If Trump was putting his name behind it, Elrgdawy recalls thinking, “it must be a legitimate investment.”
The 29-year-old software project engineer in Santa Barbara, California, put $2,000 of her savings into the $TRUMP meme coin – a purely speculative crypto token whose value is often driven by social media hype. All that remained, she thought, was to sit back and wait for the price to climb.
Instead, the price plummeted. At the end of May, her $TRUMP holding was worth less than $120. Meanwhile, the Trump family pocketed hundreds of millions of dollars from the token sales after putting little to none of their own money into the project.
The $TRUMP meme coin is one of four Trump family crypto projects that have turned into a financial jackpot for the Trumps and a very bad bet for buyers like Elrgdawy. While they vary in size and structure, each of these ventures has followed the same playbook. The Trumps risked little up front. Trump family members – notably, the president’s oldest sons, Eric Trump and Donald Trump Jr. – hyped the venture. The Trumps raked in money as investors piled in. And those buyers lost big when, for various reasons, the prices of their Trump-related crypto assets later tanked.

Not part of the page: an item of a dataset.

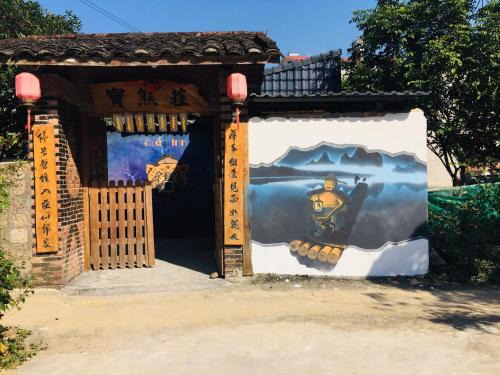 Yangshuo House | Xingping Our Inn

A Reuters examination shows that the Trump family has used this template to generate at least $2.3 billion in profit from investors since Trump retook the presidency. On the other side of that cash bonanza for America’s first family: the more than a million investors whose net losses totaled $2.3 billion at the end of April, according to a Reuters analysis. Those investors include retail buyers of crypto and crypto-linked equities, as well as those who invested indirectly through funds like ETFs with exposure to Trump crypto. The loss total includes paper losses on unsold investments.

During the 2024 presidential campaign, Donald J. Trump spoke at a crypto conference in Nashville.
The Reuters analysis of Trump crypto gains and investor losses was based on a review of blockchain records – essentially a database of crypto transactions – thousands of pages of corporate filings, online disclosures by the Trump companies, and public remarks by the Trumps and their projects’ executives, as well as interviews with crypto industry executives. The findings were reviewed by more than a dozen accounting and crypto experts, all of whom found Reuters’ estimates and its underlying analysis of the Trump businesses to be reasonable.